O estudo mostrou que bancários e profissionais de saúde são os que mais se afastam por causa de doenças mentais. Dessas, 55% são doenças depressivas. “Na verdade, muitas outras profissões devem possuir um quadro relevante de afastamento por doenças mentais, mas as duas apontadas na pesquisa têm o diferencial de serem classes profissionais organizadas, que conseguem com mais facilidade relacionar determinadas doenças com o trabalho”, afirma a pesquisadora Anadergh Barbosa. Além disso, “a doença mental gera um estigma que não é interessante para nenhum trabalhador. Muitas doenças que são de origem mental estão caracterizadas como doenças orgânicas”, conclui.

Alguns fatores de risco que predispõe à doença mental, apontados na pesquisa, são lidar com a vida e a morte (situação vivida pelos profissionais de saúde), lidar com o público, com dinheiro, pressão temporal, pressão da informatização, atividades monótonas, a sobrecarga de trabalho e a diminuição dos salários.

Nos grandes centros urbanos, a violência e a criminalidade também podem ser apontadas como responsáveis por doenças traumáticas e de sofrimento mental, ocorrendo principalmente em bancários, policiais, vigilantes e trabalhadores rurais que lutam pela posse de terra.

No campo, agrotóxico é o vilão

Os agrotóxicos estão em sétimo lugar em número de acidentes com substâncias químicas e em primeiro no número de mortes

Na área rural, as doenças do trabalho têm outro perfil.

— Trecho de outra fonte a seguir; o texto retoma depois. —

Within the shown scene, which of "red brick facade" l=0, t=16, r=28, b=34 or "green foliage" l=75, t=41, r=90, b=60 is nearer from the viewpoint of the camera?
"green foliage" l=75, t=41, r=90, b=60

O agrotóxico passa a ser o principal vilão, já que os trabalhadores do campo no Brasil são os que estão mais sujeitos à exposição aos seus efeitos nocivos. Segundo estimativas da OMS, anualmente cerca de três milhões de pessoas são contaminadas por essas substâncias e 70% dos casos ocorrem em países em desenvolvimento. Os agrotóxicos estão em sétimo lugar em número de acidentes com substâncias químicas e em primeiro no número de mortes.

No Brasil, a atenção do governo à saúde do trabalhador se dá por meio dos 60 Centros de Referência em Saúde do Trabalhador (CRST), espalhados por todo o país, responsáveis pelo tratamento dos cinco problemas que têm maior gravidade e prevalência: as Lesões por Esforço Repetitivo (LER) e Doenças Osteomusculares Relacionadas ao Trabalho (DORT); as pneumoconioses (doenças provocadas por inspiração de grãos de areia); doenças produzidas pelos agrotóxicos; pelos metais pesados e solventes orgânicos e acidentes graves e fatais de trabalho.

O modelo brasileiro foi inspirado nas primeiras experiências de criação de centros de referência para a saúde do trabalhador. Elas surgiram no final dos anos 80, nos municípios de Campinas, Salvador e São Paulo. Até abril de 2004 deverão estar organizados 130 desses centros, nos quais terão sido investidos R$ 43,5 milhões.

Empresários não querem investir em prevenção

A prevenção aos acidentes do trabalho é a ferramenta mais importante para evitar a incapacitação de milhares de trabalhadores. Para os especialistas, a prevenção aos acidentes do trabalho é a ferramenta mais importante para evitar a incapacitação de milhares de trabalhadores, apesar de muitas empresas não entenderem a prática como um investimento rentável. Enquanto este quadro não mudar será difícil conseguir reduzir o número de acidentes de trabalho.

Algumas mudanças na rotina de trabalho, entretanto, também podem minimizar os efeitos nocivos que a própria rotina de algumas profissões ocasiona. Já é comum em muitas empresas a prática da ginástica laboral, que previne contra a LER. Algumas oferecem também academias, cinema no horário do almoço e palestras sobre qualidade de vida, que comprovadamente melhoram a produtividade do trabalhador.

Na opinião do médico Gutemberg Fialho, especialista em medicina do trabalho, as empresas não consideram rentável investir na segurança do trabalho porque após o 15º dia de afastamento quem garante o salário do acidentado é a Previdência Social. Ele propõe uma mudança que revolucionaria o setor: mudar a legislação e obrigar os empregadores a pagarem todos os custos de acidentes de trabalho causados, por exemplo, por negligência da empresa. “A partir do momento em que o empresário sentir no bolso os custos dos acidentes, ele vai se preocupar em investir em prevenção e saúde ocupacional”, afirma. É uma ideia para ser debatida por empregados, empregadores e governo.